▶ What is needed
In how many lines of the listing below does "Kitchen" appear? Reply with the number only.

▶ Records shown
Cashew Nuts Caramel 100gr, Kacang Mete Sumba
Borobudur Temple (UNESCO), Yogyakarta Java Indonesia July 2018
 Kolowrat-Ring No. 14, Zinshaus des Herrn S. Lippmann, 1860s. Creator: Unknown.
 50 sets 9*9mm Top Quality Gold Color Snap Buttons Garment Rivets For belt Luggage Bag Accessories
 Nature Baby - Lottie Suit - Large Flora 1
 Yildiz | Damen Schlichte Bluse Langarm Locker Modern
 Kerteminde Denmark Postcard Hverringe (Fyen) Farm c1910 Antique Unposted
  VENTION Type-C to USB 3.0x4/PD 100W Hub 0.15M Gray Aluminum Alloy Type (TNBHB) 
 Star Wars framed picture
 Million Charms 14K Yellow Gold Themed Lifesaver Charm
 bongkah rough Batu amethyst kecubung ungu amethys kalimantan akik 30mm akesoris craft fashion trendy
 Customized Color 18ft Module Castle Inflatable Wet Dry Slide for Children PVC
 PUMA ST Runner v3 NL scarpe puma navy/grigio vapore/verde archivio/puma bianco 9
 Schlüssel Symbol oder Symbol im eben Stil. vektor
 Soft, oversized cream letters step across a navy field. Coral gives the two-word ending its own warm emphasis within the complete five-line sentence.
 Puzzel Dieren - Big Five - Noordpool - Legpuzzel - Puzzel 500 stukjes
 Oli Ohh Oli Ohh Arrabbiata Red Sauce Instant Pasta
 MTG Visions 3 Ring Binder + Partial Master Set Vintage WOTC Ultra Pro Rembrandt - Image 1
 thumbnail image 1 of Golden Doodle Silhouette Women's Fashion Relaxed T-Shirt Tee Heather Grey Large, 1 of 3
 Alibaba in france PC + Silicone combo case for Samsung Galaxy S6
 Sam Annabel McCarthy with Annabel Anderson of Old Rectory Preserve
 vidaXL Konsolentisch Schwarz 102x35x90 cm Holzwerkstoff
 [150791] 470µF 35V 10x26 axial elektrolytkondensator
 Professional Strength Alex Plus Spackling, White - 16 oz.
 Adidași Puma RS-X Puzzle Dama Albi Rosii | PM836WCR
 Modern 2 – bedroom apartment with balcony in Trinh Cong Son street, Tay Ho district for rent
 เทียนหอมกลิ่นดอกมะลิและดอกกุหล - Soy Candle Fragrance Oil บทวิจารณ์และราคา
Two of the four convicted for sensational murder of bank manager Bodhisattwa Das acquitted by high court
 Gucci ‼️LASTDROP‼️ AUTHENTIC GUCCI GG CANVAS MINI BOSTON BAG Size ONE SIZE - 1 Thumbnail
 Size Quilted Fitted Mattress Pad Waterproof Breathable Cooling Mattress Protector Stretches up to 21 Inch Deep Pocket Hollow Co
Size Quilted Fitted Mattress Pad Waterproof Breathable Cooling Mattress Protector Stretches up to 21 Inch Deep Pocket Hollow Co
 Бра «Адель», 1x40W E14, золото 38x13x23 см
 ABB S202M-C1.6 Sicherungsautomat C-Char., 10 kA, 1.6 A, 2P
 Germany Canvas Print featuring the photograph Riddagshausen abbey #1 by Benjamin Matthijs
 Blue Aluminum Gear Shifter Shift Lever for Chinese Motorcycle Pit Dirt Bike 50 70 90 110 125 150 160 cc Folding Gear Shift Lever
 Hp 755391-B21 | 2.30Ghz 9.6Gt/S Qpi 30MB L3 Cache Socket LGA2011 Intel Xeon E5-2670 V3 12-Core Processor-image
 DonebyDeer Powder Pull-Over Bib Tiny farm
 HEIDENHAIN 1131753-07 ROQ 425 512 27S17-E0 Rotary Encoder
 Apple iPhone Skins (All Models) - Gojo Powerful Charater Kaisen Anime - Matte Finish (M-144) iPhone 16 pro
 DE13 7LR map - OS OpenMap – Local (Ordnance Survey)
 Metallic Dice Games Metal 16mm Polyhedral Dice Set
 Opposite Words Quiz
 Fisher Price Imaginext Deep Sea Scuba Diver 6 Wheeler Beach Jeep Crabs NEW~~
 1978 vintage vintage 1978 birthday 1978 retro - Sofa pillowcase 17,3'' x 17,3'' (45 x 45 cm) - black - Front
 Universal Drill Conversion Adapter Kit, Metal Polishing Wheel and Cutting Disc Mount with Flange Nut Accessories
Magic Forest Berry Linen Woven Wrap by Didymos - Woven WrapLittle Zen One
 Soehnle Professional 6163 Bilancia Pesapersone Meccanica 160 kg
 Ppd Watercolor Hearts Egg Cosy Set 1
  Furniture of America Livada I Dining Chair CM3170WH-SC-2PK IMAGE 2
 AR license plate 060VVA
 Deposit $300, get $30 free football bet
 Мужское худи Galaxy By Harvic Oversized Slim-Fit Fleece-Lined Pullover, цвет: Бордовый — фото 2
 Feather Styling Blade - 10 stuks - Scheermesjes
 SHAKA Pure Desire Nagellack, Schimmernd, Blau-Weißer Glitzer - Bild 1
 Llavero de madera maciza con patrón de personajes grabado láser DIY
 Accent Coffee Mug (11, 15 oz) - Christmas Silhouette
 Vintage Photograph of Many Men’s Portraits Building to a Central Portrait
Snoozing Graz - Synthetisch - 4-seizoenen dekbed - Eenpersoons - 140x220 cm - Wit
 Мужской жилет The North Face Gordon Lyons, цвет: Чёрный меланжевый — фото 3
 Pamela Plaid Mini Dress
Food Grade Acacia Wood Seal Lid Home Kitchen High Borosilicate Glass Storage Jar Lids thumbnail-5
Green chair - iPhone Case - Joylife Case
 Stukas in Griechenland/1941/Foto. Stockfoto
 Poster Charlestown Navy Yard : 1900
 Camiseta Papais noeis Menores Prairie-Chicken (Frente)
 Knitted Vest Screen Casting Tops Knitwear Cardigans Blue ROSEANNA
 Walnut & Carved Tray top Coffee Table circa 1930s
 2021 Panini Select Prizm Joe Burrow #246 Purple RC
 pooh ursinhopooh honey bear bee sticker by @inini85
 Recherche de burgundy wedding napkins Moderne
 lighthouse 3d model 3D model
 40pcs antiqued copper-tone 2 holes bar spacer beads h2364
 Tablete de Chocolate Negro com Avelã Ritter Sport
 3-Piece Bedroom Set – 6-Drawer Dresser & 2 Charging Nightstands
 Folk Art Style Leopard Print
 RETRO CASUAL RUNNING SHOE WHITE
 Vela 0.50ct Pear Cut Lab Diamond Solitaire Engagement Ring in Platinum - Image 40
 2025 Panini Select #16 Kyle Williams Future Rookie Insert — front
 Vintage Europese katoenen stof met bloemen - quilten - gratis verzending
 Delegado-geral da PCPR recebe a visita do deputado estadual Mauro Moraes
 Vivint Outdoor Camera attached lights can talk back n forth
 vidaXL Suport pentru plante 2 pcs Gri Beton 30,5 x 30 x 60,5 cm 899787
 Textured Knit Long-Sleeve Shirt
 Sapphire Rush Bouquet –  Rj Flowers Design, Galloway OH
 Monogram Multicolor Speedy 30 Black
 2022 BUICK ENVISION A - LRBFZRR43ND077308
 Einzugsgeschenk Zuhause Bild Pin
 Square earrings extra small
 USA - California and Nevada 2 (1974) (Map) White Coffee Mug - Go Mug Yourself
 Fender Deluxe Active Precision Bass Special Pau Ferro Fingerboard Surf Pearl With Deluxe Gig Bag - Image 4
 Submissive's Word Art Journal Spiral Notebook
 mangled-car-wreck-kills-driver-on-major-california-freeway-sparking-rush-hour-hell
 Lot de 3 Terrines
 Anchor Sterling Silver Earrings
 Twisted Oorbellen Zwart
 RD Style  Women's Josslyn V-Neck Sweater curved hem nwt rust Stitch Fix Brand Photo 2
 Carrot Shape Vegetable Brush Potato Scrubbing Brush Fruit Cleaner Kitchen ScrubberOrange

▶ Solution for this problem
2